In T157418: RFC: Make some aspects of Tidy's whitespace stripping behavior part of wikitext parsing "spec", we made leading/trailing whitespace in list items, table cells, headings insignificant and does not make it out to the HTML output. However, this means that Parsoid no longer has any information about original whitespace in these wikitext items.
This does not matter for unedited content or newly added content.
- For unedited content, the selective serialization algorithm preserves original wikitext as is.
- For newly added content, wikitext norms (as coded in Parsoid's html -> wt code) require that for readability reasons, whitespace be added appropriately.

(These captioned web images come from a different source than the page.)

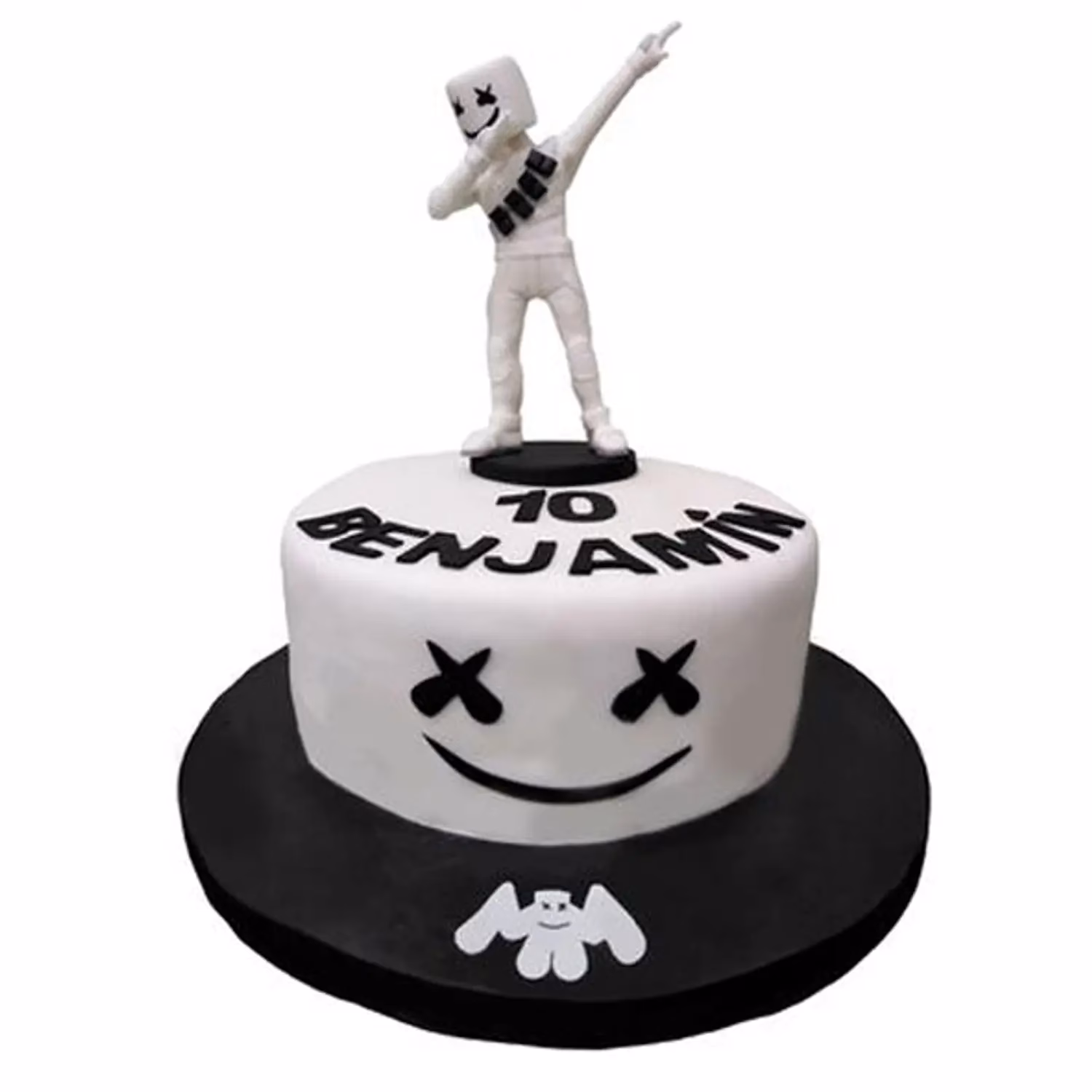 ¿Cuántos Marshmello trae una bolsa?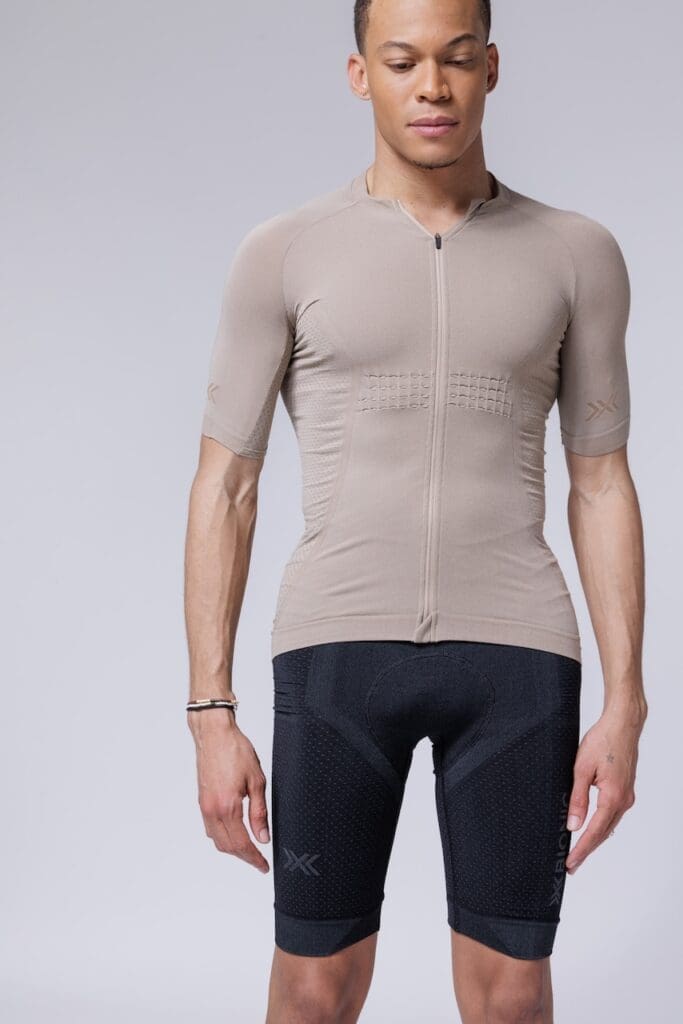 X-Bionic Core Fusion et Xceed les collections printemps/été de la marque de vêtements suisse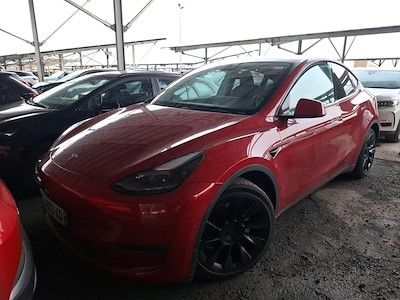 Tesla Model Y Model Y Long Range AWD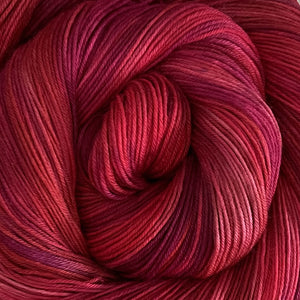 Simply Sock Yarn - Ruby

All good so far. However, for original list items / headings / table cells that got edited, without any additional work, we'll start seeing "dirty diffs" since Parsoid will start trimming leading/trailing whitespace from these.
But, there is no clear solution that works well in all cases. Here are 3 possibilities:
- If we leave things as is, this will cause dirty diffs in edited original content as above.
- If we add readable whitespace always (for all content, not just newly added content), this will cause dirty diffs in the other direction, i.e. for example, list items that didn't have whitespace after bullets will ge them
- If we add additional logic to Parsoid to figure out how the original content looked and preserve it, that whitespace will get locked in forever for all edits done via VisualEditor (or other such HTML clients). There is no available mechanism for these clients to tell Parsoid to add/remove that whitespace. Editors wishing to alter whitespace would have to directly edit wikitext in a source editor.
Thoughts? My hunch is that we'll probably gravitate towards solution 3.